Les ONG consultées, pour leur part, utilisent les langues française ou anglaise dans leurs différentes communications : les narratifs, les cadres logiques, certains rapports d’avancement et certaines évaluations sont soit en français, soit en anglais, des langues d’expérience de colonisation et d’occupation. De plus, les documents en virtuel comme les plateformes dédiées aux formations pour les employé.e.s sont aussi dans des langues étrangères comme l’anglais et l’espagnol. Parmi les documents consultés, il y en a qu’un seul en créole. Cela peut se traduire par de réelles conséquences négatives sur le travail de l’intervenant.e. Ce choix est vécu comme une imposition par ces intervenant.e.s. Les langues utilisées dans les documents et les formations peuvent constituer une barrière au travail de plusieurs intervenant.e qui ont une faible maitrise du français ou de l’anglais. Ceux.celles-ci expriment être contraint.e.s de communiquer dans la langue imposée par l’ONG et/ou le bailleur à travers les courriels officiels et les rapports de projets. Les propos de certain.e.s intervenant.e.s sont éloquents à ce sujet :
Sincèrement, des fois, quand tu prends conscience de cela, tu te dis vraiment que nous fonctionnons à l’envers, si je peux le dire ainsi. Parce que tu réfléchis en créole, tu fais tout en créole, puis tu es obligé de choisir l’anglais et le français pour communiquer. (Dieumène)
Bon, la première chose, c’est que probablement les formations ne sont pas faites en créole. Elles sont toujours faites en français, même si on sait que le français est une langue officielle. On interpelle donc les gens à parler français. Ce qui fait que parfois, une personne aimerait participer à la formation, elle a peur que si elle fait une faute, on rit d’elle. Ce qui fait que même si elle a des idées géniales à proposer, elle est bloquée (Lifèt)
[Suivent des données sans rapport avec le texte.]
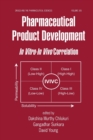 Pharmaceutical Product Development : In Vitro-In Vivo Correlation - Book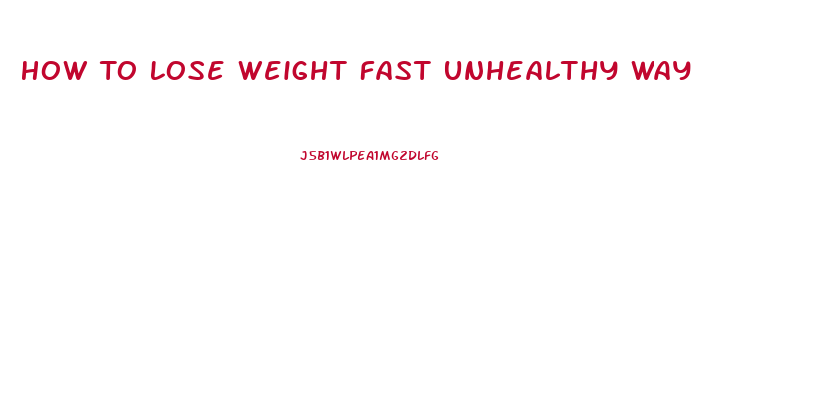 How To Lose Weight Fast Unhealthy Way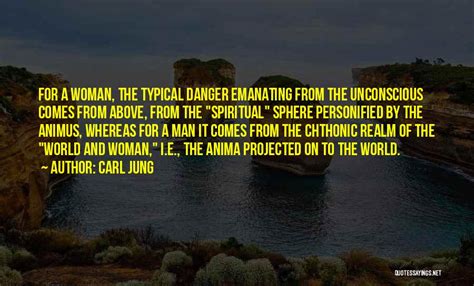 Top 13 Carl Jung Anima Animus Quotes & Sayings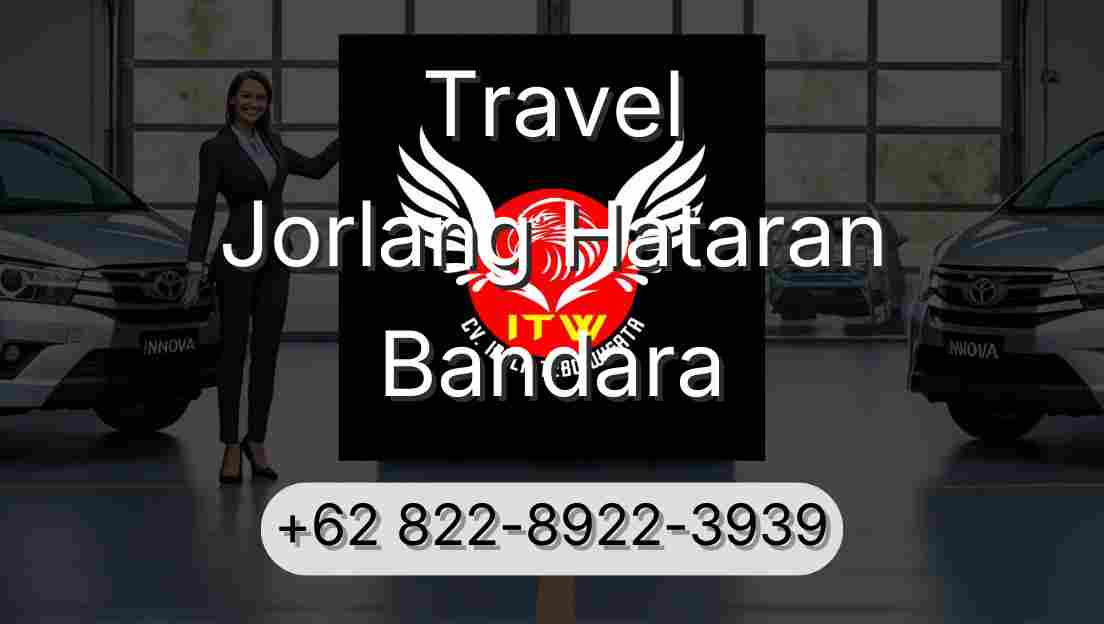 Travel Jorlang Hataran Bandara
Mèsidieu parle de son inconfort du fait d’être obligé de s’adapter à la langue du bailleur :
Ils m’ont imposé l’anglais, si je ne sais pas parler l’anglais, j’aurai besoin de traduction. Tu comprends. C’est une guerre de culture, quoi. Communiquer en anglais, je suis obligé parce que je prends son argent pour réaliser les projets. Je suis obligé d’être d’accord, mais le plus souvent, je ne me sens pas à l’aise.
L’usage du français ou de l’anglais dans les documents de l’ONG a également un impact sur le travail des intervenant.e.s auprès des communautés. Manno explique les conséquences de cette situation dans son travail sur le terrain : « tu es obligé d’adapter la formation en créole, et prendre des exemples de ton milieu pour que les gens de la localité puissent comprendre. » Les projets de développement ciblent en particulier les personnes défavorisées qui font partie de la classe populaire.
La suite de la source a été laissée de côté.